## WHAT YOU ARE ASKED TO DO
In the records below, repeat exactly the lines between the line holding "Gebraucht Ford Focus" and the line holding "3 bedroom apartment to rent - Photo 6", inclusive, and drop the pictures.

## DATA EXCERPTS
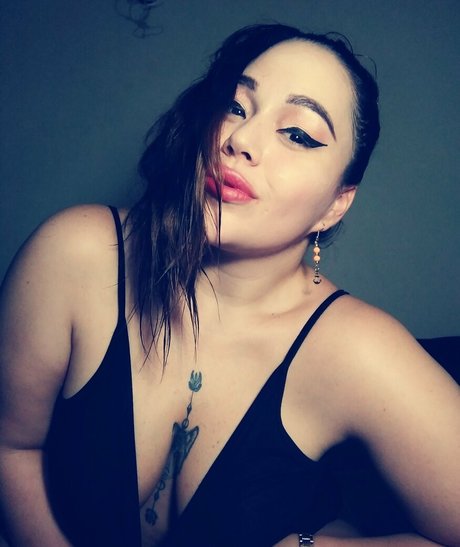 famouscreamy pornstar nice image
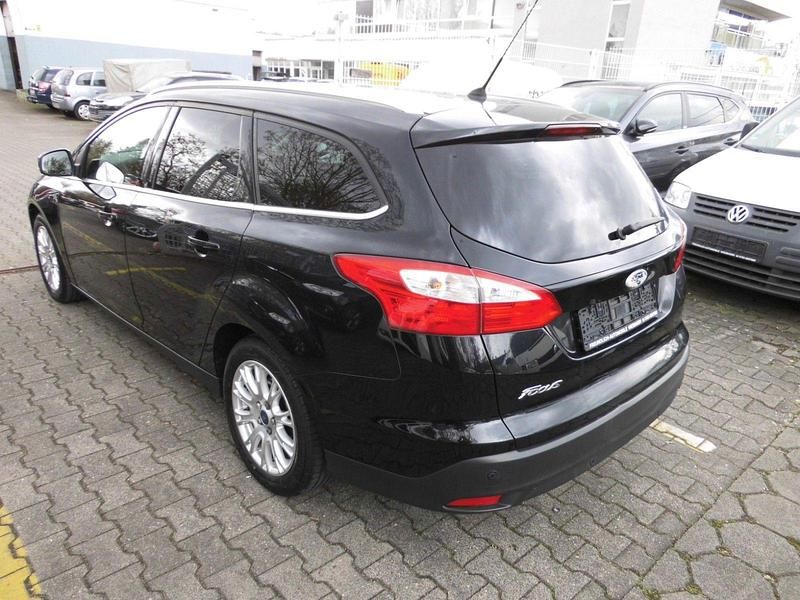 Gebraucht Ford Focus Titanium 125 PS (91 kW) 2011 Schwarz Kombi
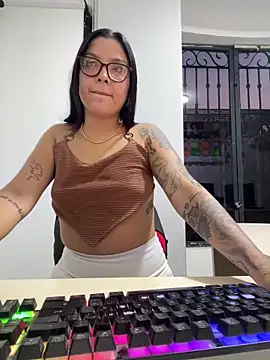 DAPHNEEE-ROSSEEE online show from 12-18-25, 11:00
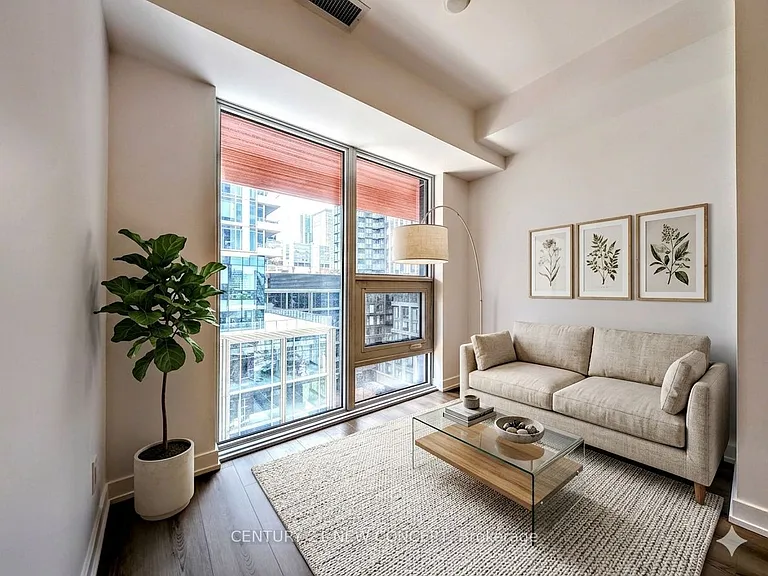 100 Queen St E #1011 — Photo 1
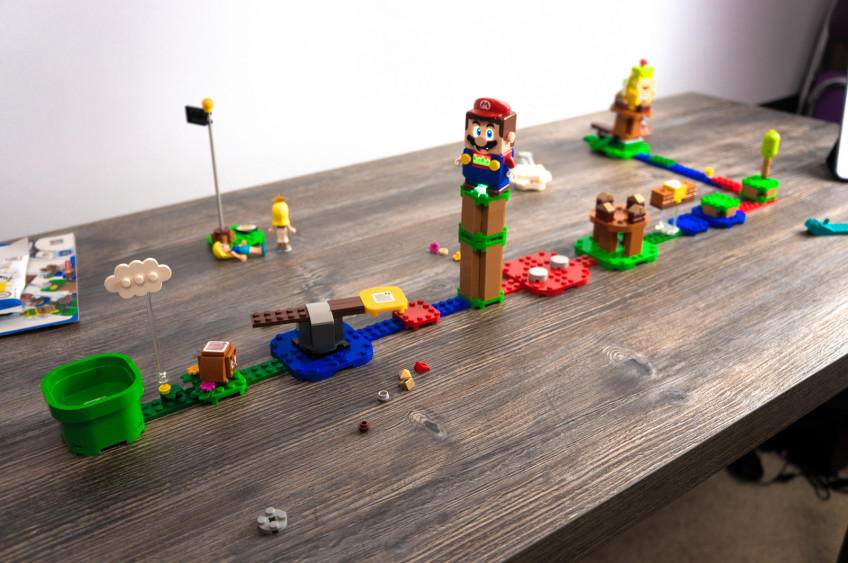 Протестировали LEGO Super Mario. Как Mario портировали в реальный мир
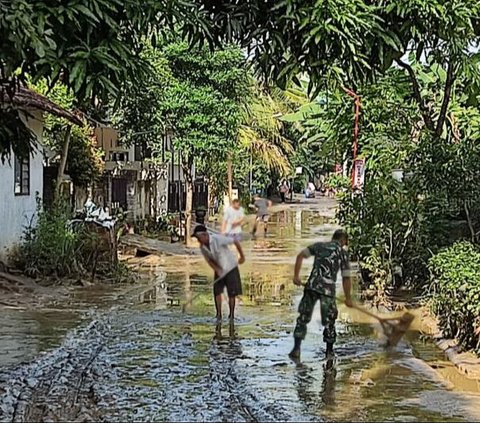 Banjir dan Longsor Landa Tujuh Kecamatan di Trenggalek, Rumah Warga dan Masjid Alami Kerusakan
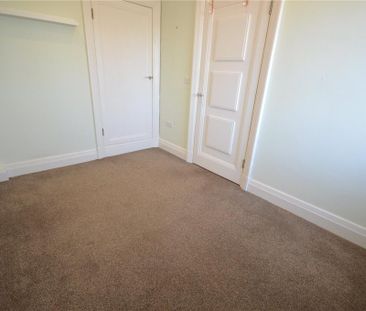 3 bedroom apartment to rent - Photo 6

---

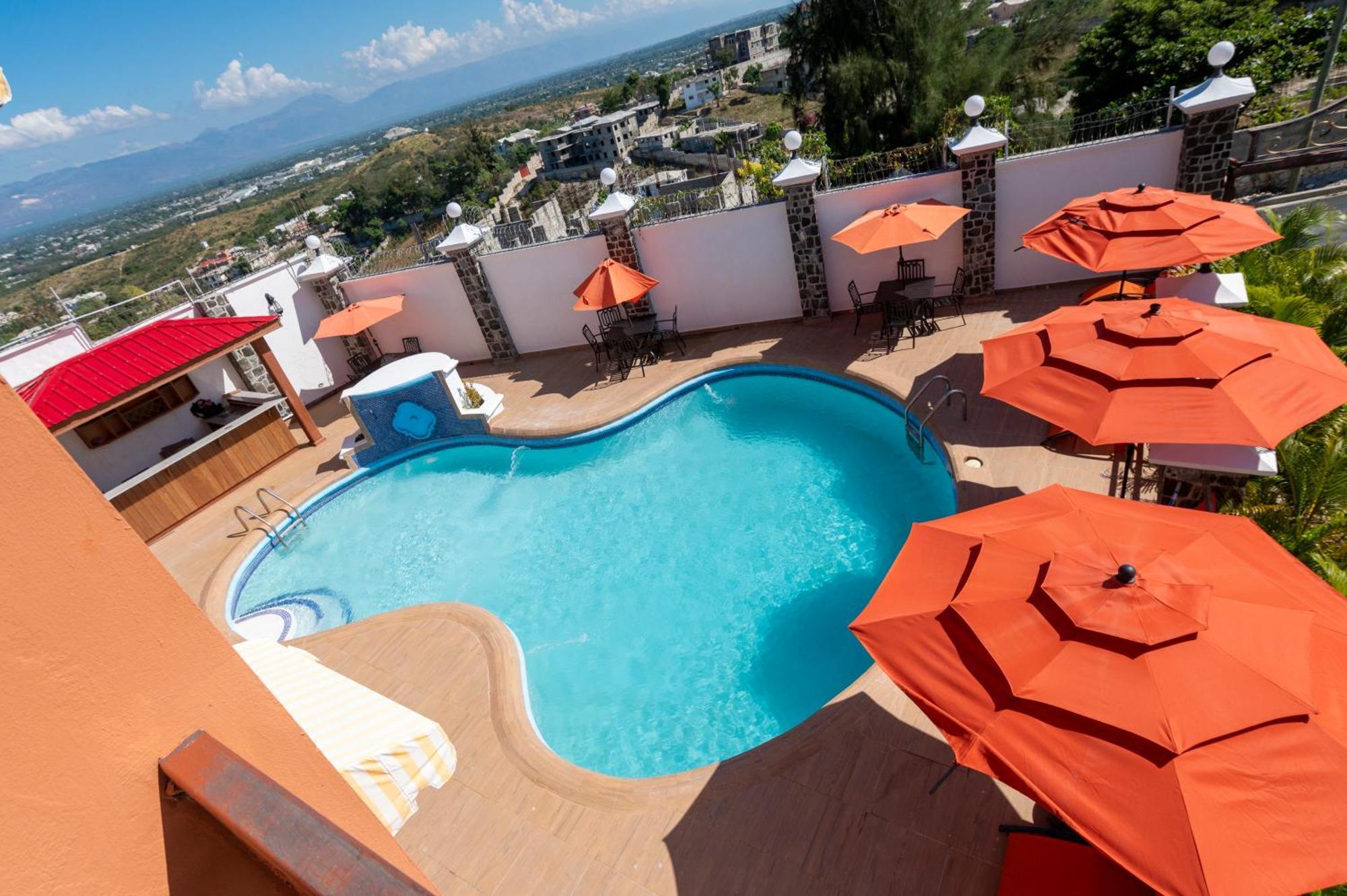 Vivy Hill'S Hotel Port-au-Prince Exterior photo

## TASK RESPONSE
 Gebraucht Ford Focus Titanium 125 PS (91 kW) 2011 Schwarz Kombi
 DAPHNEEE-ROSSEEE online show from 12-18-25, 11:00
 100 Queen St E #1011 — Photo 1
 Протестировали LEGO Super Mario. Как Mario портировали в реальный мир
 Banjir dan Longsor Landa Tujuh Kecamatan di Trenggalek, Rumah Warga dan Masjid Alami Kerusakan
 3 bedroom apartment to rent - Photo 6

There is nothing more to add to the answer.